The answer is the exact run of lines in the listing below from the line containing "FRANCE 1850 CHAVIGNON" up to and including the line containing "LUZI Kaleng Alumunium", with pictures removed.
#### DATA FOR PROCESSING
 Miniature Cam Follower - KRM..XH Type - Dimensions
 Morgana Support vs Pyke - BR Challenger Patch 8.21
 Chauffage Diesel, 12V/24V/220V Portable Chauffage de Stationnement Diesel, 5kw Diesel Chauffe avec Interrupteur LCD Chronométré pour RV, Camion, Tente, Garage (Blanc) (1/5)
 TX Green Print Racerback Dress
########
#### DATA FOR PROCESSING
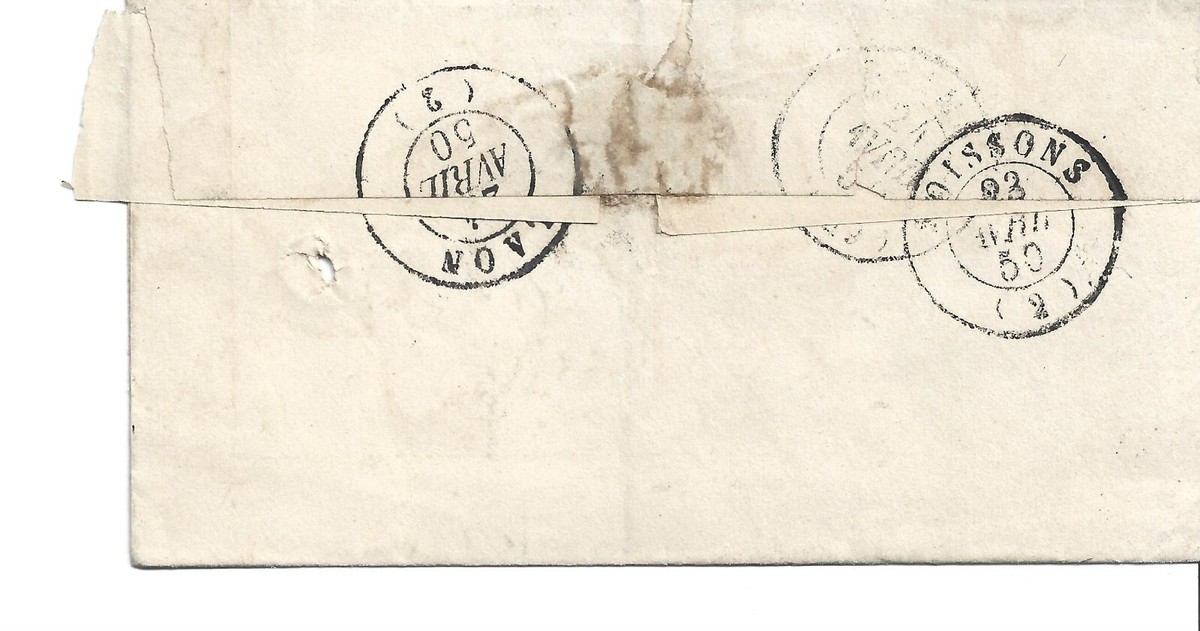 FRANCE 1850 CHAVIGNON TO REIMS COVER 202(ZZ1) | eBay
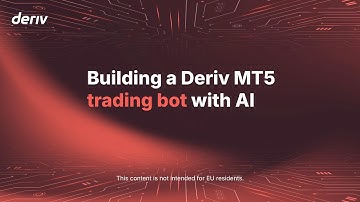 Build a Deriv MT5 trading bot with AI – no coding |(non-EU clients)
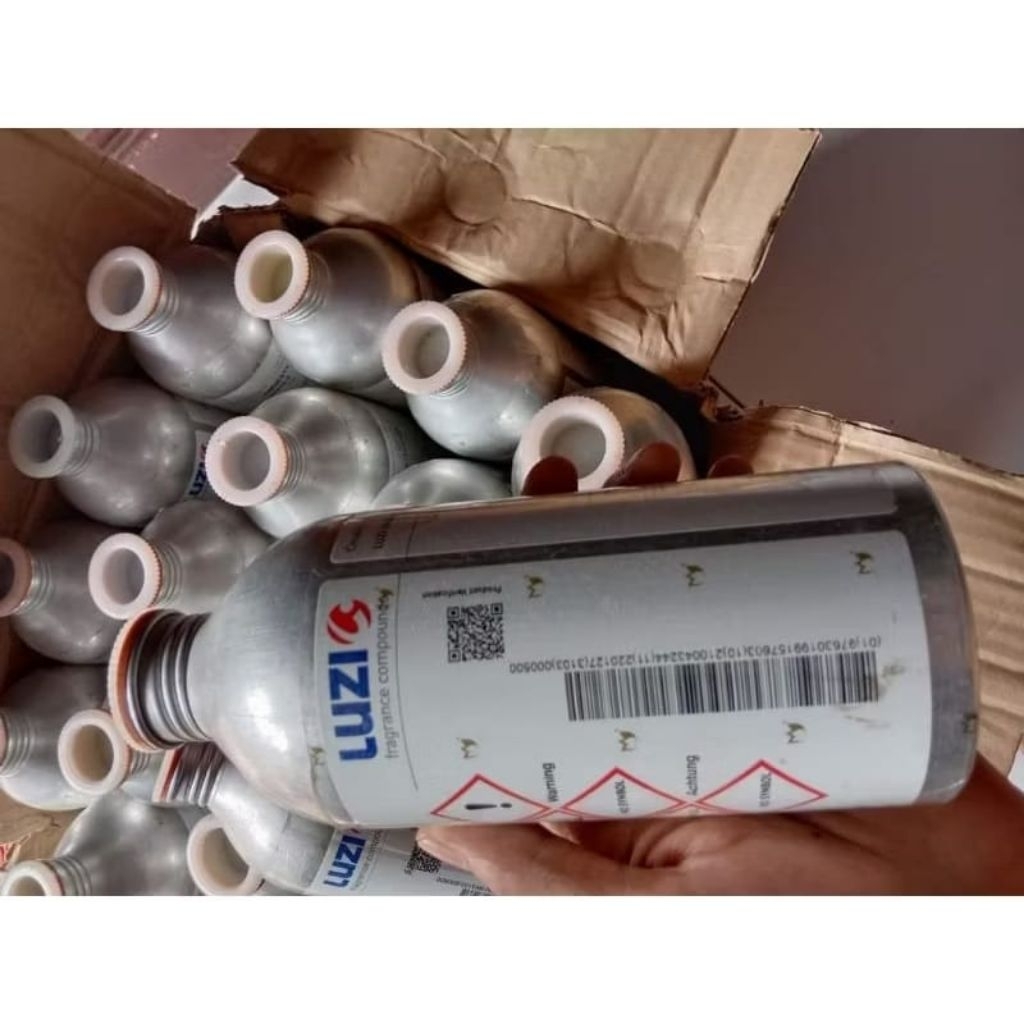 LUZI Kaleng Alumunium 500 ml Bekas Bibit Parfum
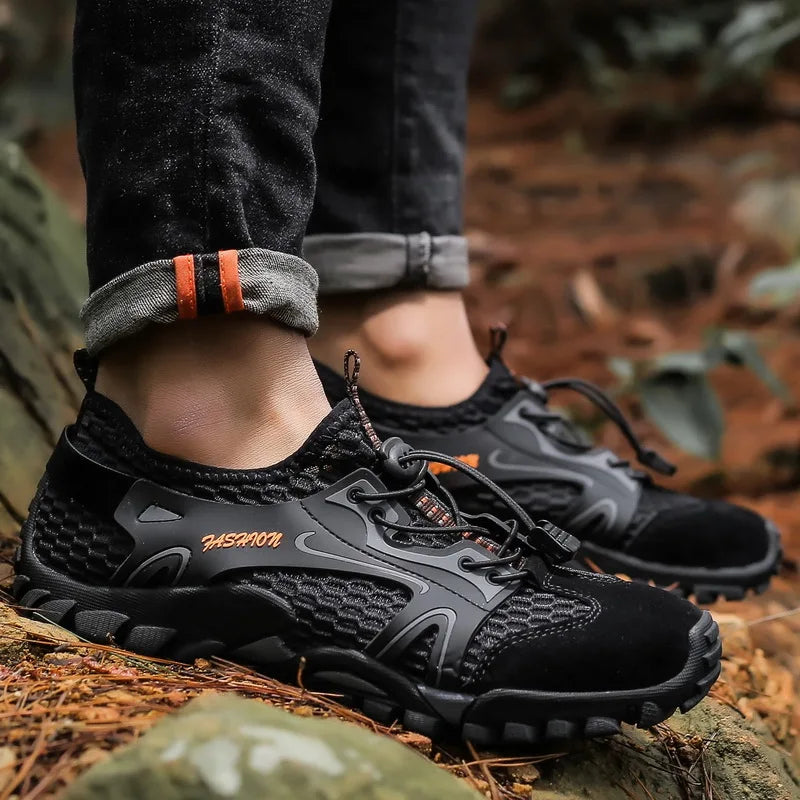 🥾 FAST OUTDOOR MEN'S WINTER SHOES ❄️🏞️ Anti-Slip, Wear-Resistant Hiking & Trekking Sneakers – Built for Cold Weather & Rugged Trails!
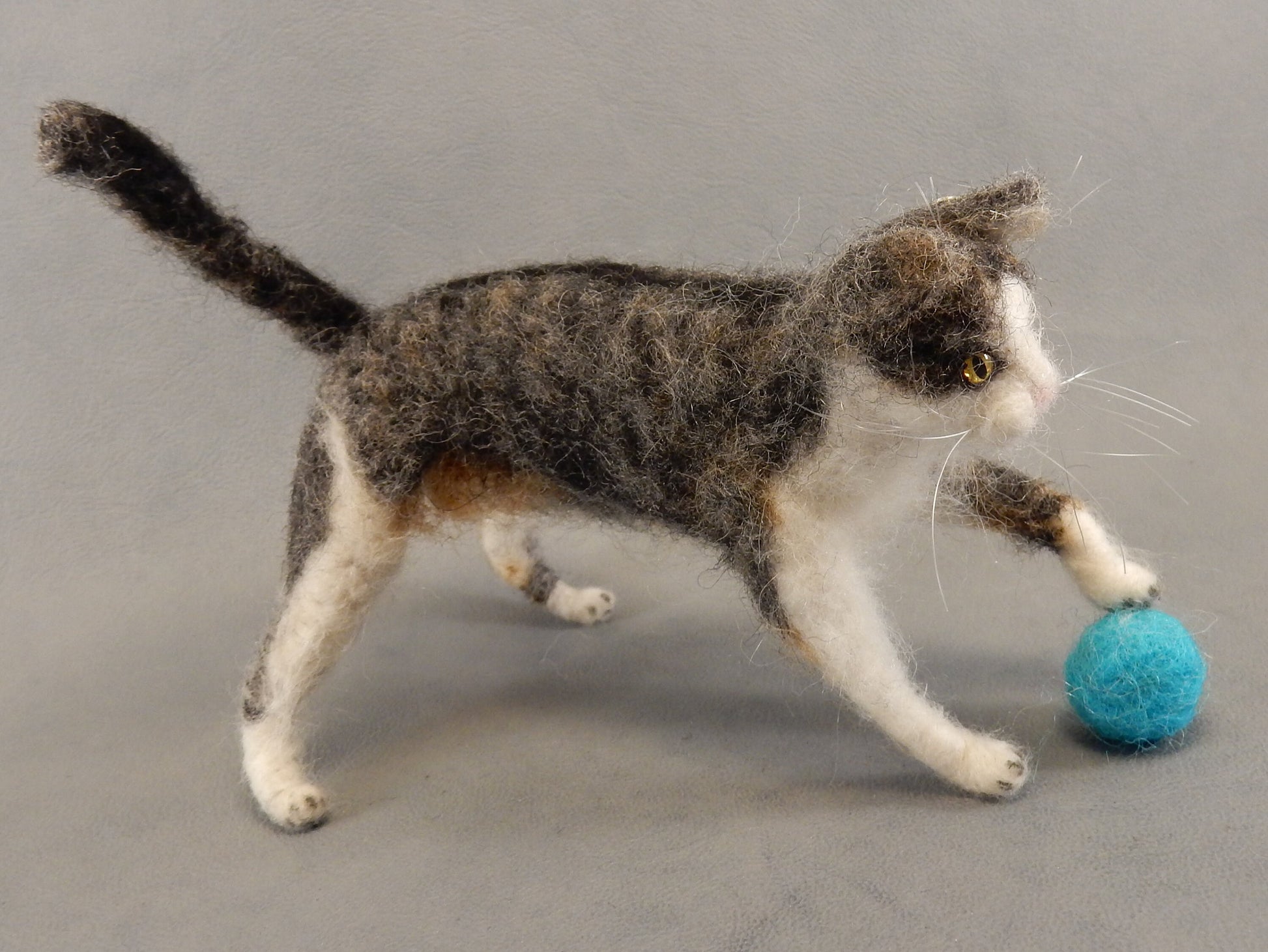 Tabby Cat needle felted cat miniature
########
▸ **TASK RESULT**
 FRANCE 1850 CHAVIGNON TO REIMS COVER 202(ZZ1) | eBay
 Build a Deriv MT5 trading bot with AI – no coding |(non-EU clients)
 LUZI Kaleng Alumunium 500 ml Bekas Bibit Parfum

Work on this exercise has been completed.